Nach der Disqualifikation von Metalist Charkiw hatte sich Schalke auf ein Freilos im Champions-League-Play-Off eingestellt. Doch es kam anders: PAOK Saloniki rückte nach. Das Porträt eines griechischen Klubs im Schatten der Athener Vorherrschaft.

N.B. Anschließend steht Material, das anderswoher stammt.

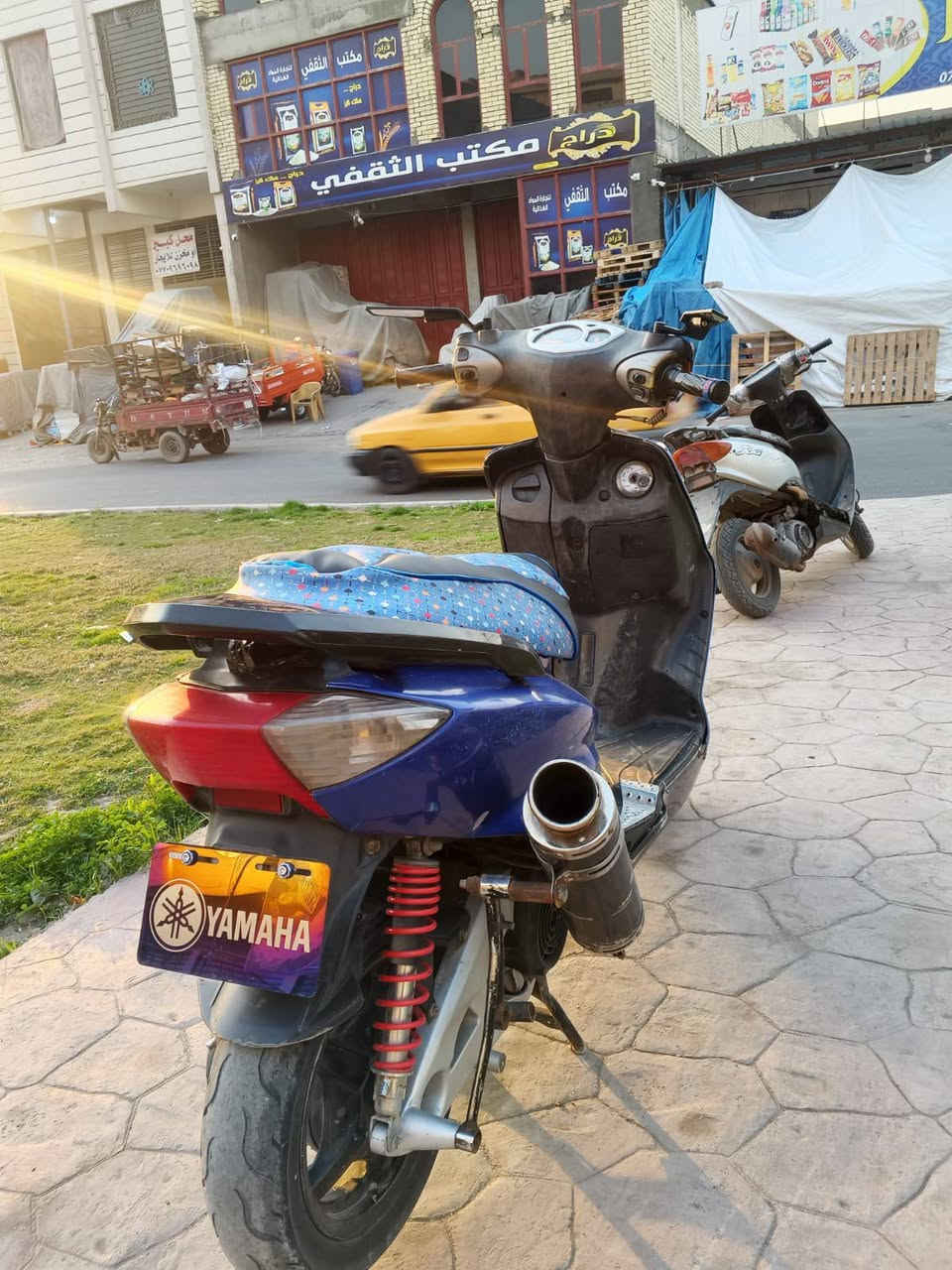 سكنز نثيه 140 دراجه هاون شلعه معدل صوت مخيف ب450 مجال قليل مراوس هم ترهم مكاني بغداد حي اور او جميله


**إذا كنت صاحب هذا الإعلان وتريد حذفه لأي سبب، رجاءا أرسل رسالة إلى الدعم الفني**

„Gleich Null“, so hatte noch vor knapp einer Woche Horst Heldt die Wahrscheinlichkeit eingeschätzt, dass Schalkes Gegner Metalist Charkiw aus der Champions-League-Qualifikation ausgeschlossen werde. Sollte dies wider Erwarten doch geschehen, so sagte Schalkes Manager weiter, käme man voraussichtlich „per Freilos“ in die Gruppenphase des Wettbewerbs. Er sollte sich irren.

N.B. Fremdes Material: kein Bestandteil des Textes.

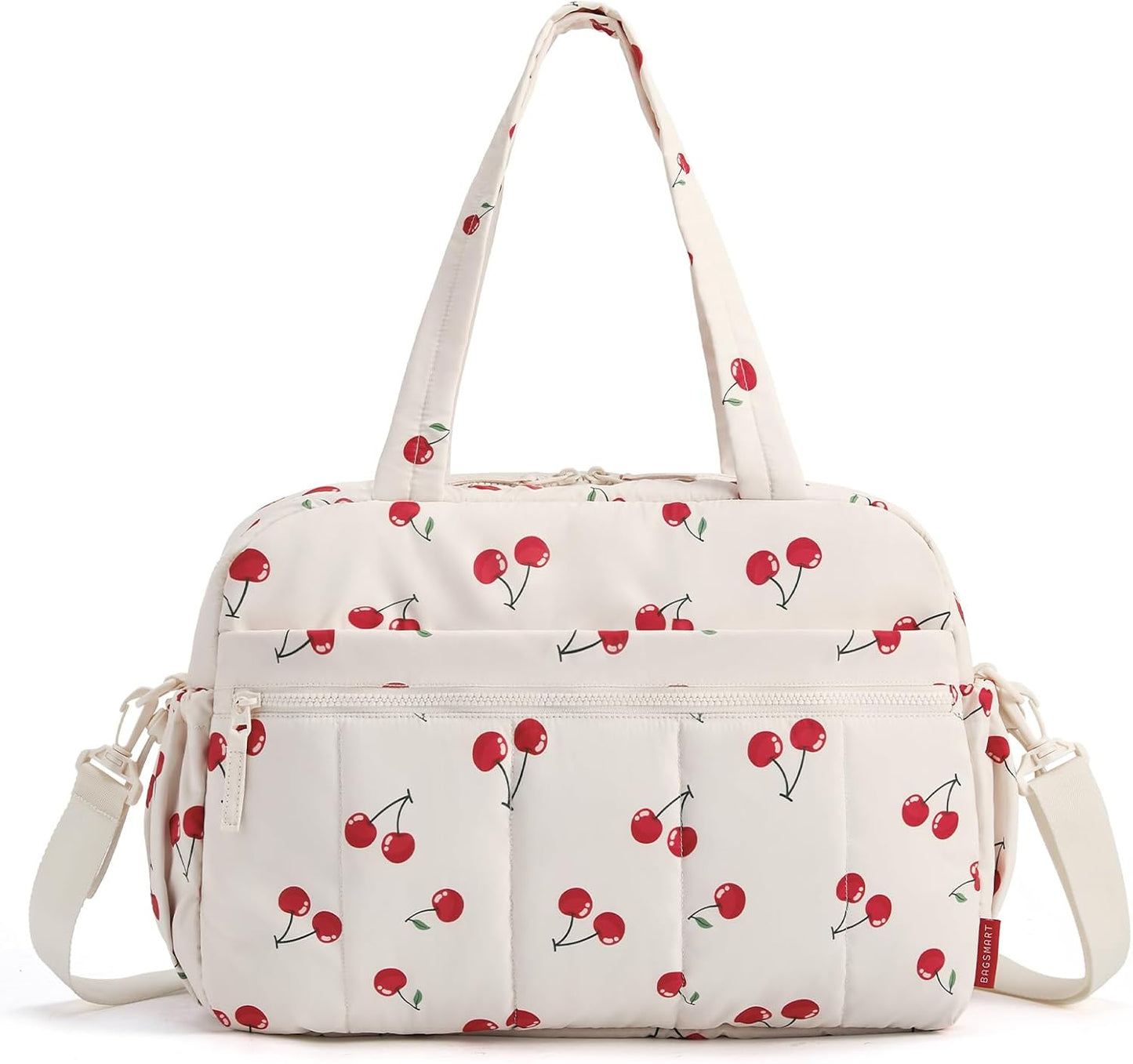 BAGSMART Gym Bag for Women, Duffle Bag for Travel with Wet Pocket, Lightweight Carry on Weekender Duffel, Water Resistant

Schalke trifft heute Abend auf einen Gegner, dessen eigentlicher Name in den Agentur-Schlagzeilen zunächst durch die bloße Nennung eines Schalker Ex-Trainers auftauchte: Schalke gegen Stevens. Nicht jeder Leser dieser Meldung dürfte auf Anhieb verstanden haben, dass es für die Königsblauen nun gegen den griechischen Vize-Meister PAOK Thessaloniki gehen würde, der am 7. August gegen Metalist aus der Champions-League-Qualifikation ausgeschieden war (0:2, 1:1).

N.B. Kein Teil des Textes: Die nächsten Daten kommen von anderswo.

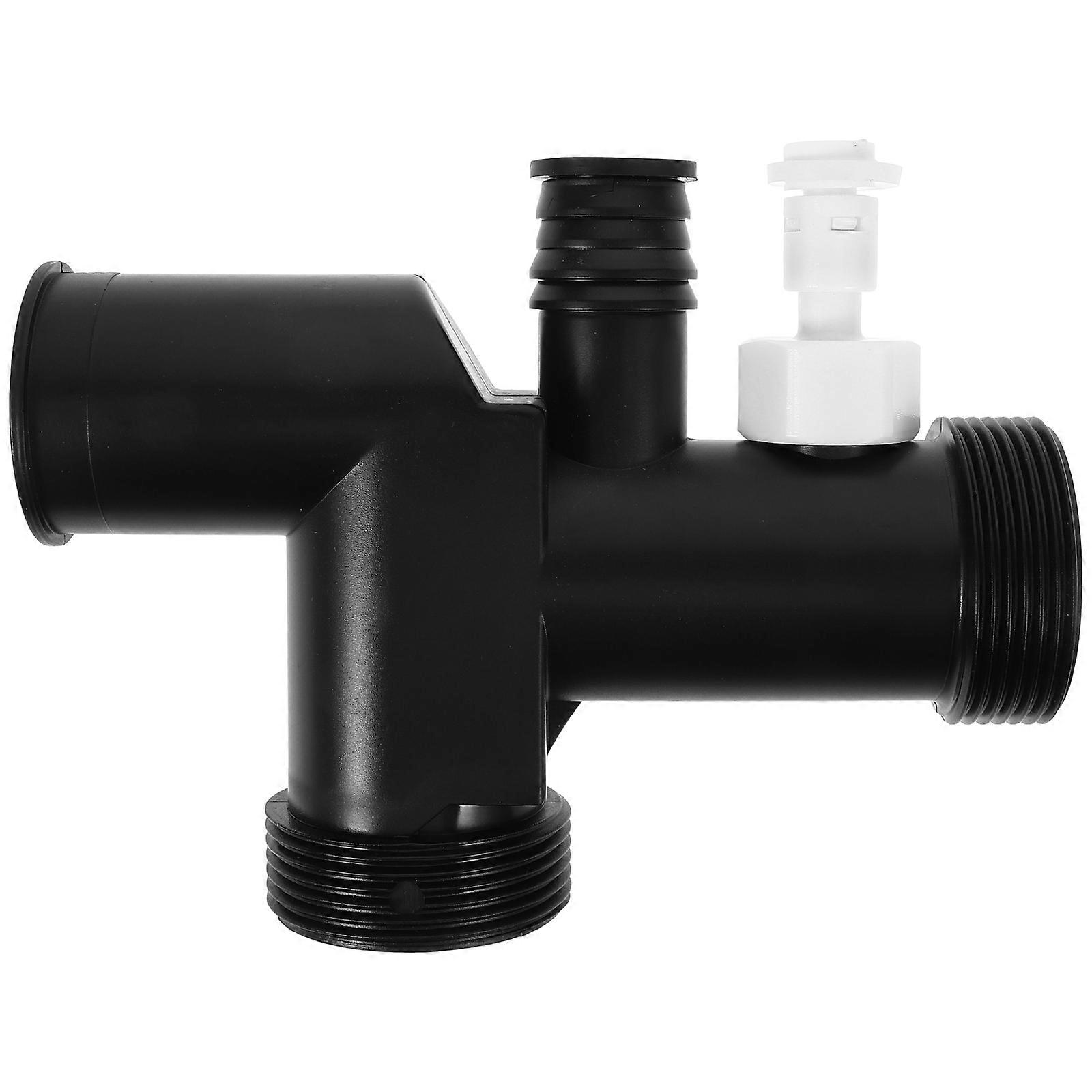 Kitchen Garbage Disposer Pipe Fitting For Waste Management Bend Pipe Head Abs Material 1Set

Hat Schalke sich nicht mit Saloniki beschäftigt?
Auf Schalke, so scheint es, ist man durch die Ereignisse in der Uefa-Zentrale auf dem falschen Bein erwischt worden. Nach der Auslosung am 9. August zunächst auf das ukrainische Charkow fokussiert, wo für Quartiersuche und andere Logistik bereits ein Schalker Abgesandter weilte, versäumte man es offenbar, eine Antenne in Richtung Thessaloniki auszufahren.
Dort hatten nämlich die Klubverantwortlichen, nach Bestätigung der Manipulationsvorwürfe gegen Metalist Charkiw durch das Internationale Sportgericht CAS (2. August), ihre Chance gewittert. Noch vor Austragung des Rückspiels in der Ukraine sickerten in griechischen Medien Meldungen und Gerüchte durch, wonach sich PAOK Thessaloniki einige Hoffnung darauf machen konnte, im Falle eines Ausscheidens für die Ukrainer nachzurücken.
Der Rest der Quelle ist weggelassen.